Amoureuse du contraste, la créatrice est loin de garder un esprit conformiste dans ses confections de mode. C’est ainsi qu’elle a justifié son choix sur le graphisme Kuba et la déformation du crâne chez les Mangbetu comme un idéal de beauté.
« J’adore la diversité culturelle. Parlant des Mangbetu, j’avoue que l’inspiration m’est venue du courage de ce peuple à recourir à la déformation crânienne, particulièrement d’une image de la forme de la tête et du visage d’une femme », a expliqué Mme Okosa.
« « Boîte crânienne » rend hommage à l’audace de la dissemblance ainsi qu’au pouvoir transgénérationnel et inspirationnel de la culture inscrit dans une esthétique alliant tradition et modernité », a-t-elle ajouté.
Une création pour valoriser l’héritage culturel
Sur le plan créatif, cette audace culturelle est adaptée avec du textile et propose un code esthétique basé sur l’exagération des volumes au niveau des articulations du corps et des parties en saillie telles que les coudes, les genoux et les mollets, tout en imposant longueurs et largeurs aux cols suivant le concept qui sous-tend l’idée générale de la collection.
Pour la conceptrice de mode, la déformation du crâne est une action irréversible.
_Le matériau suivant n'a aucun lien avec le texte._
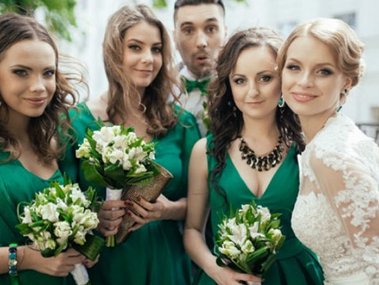 Slide image for gallery: 4030 | Комментарий «Леди Mail.Ru»: Невеста, подружки и удивленный жених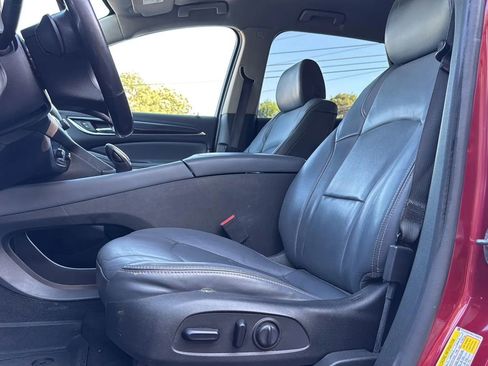 Used 2018 Buick Enclave Essence FWD image 10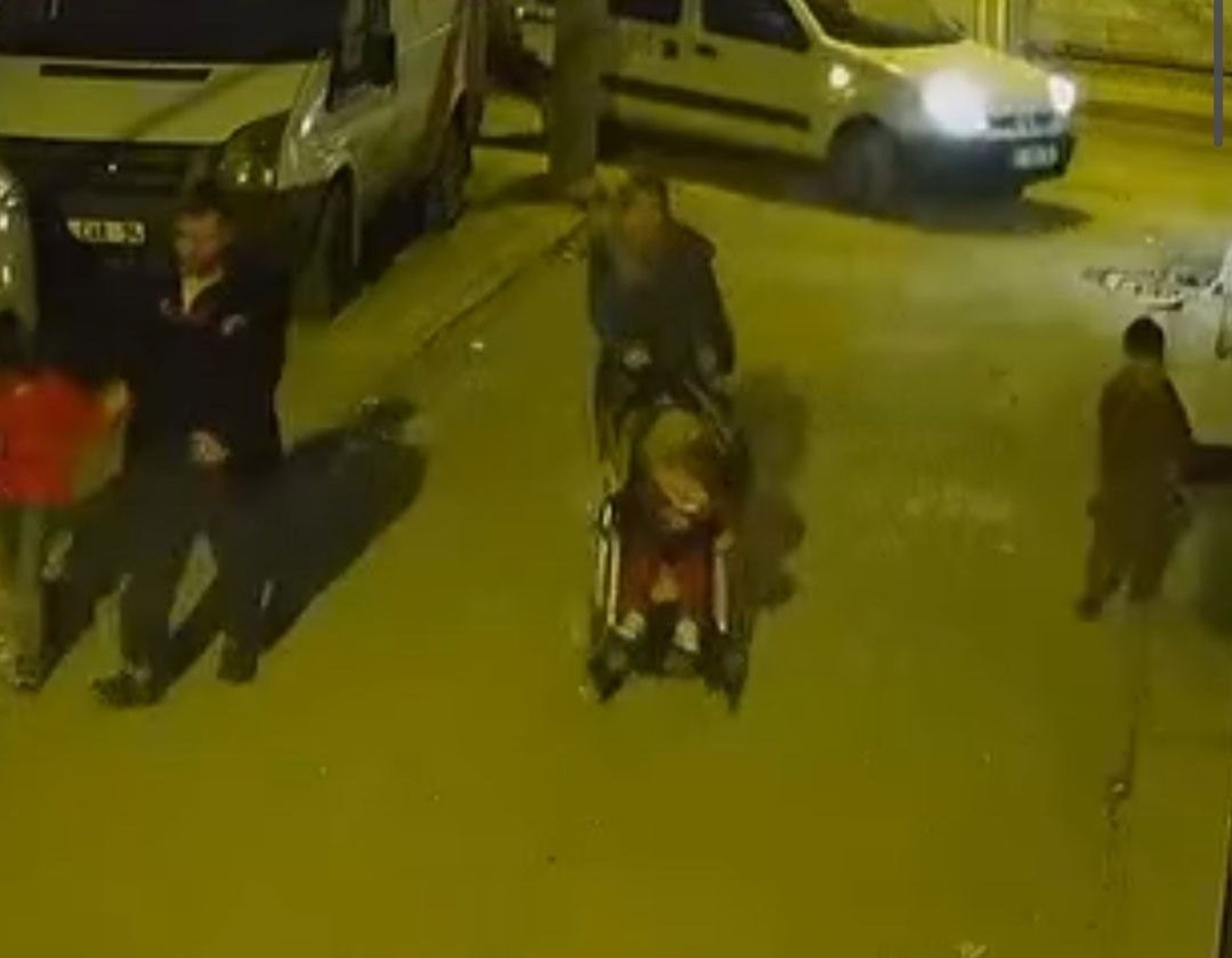 Vicdansız adam! Çocuğun kafasını önce arabaya vurdu sonra çocuğu yere fırlattı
Elle exige de l’audace, de l’estime de soi et surtout du courage pour s’affirmer et s’imposer socialement. « Constituée de pièces basées sur le tailoring évolutif, « Boîte crânienne » s’adresse aux femmes tant esthètes qu’audacieuses, friandes de démarcation, de savoir-faire et de vêtements narratifs », a conclu Lydie Okosa.
Plusieurs personnalités du monde culturel et académique ont rehaussé de leur présence la soirée inaugurale de l’exposition « Architecture du corps » au Musée national de Kinshasa. « Cette créativité combinant authenticité et tradition confirme que la mode moderne devient un moyen puissant de renforcer l’estime de soi et d’ajuster l’image corporelle à l’architecture du corps », a soutenu le professeur ordinaire et historien de l’art Joseph Ibongo, secrétaire général académique à l’Académie des beaux-arts de Kinshasa.
Après l’étape de Kinshasa, annonce son initiatrice, cette exposition va se poursuivre en France où les mêmes collections seront présentées en mars 2027 dans le département du Val-de-Marne.
Créatrice réputée de mode, Lydie Okosa ne cesse jamais d’apprendre. Formée à l’Institut supérieur des arts et métiers (ISAM) de Kinshasa, cette femme passionnée par la transmission du goût de l’excellence revient d’études en France où elle a approfondi ses connaissances en matière de création de mode.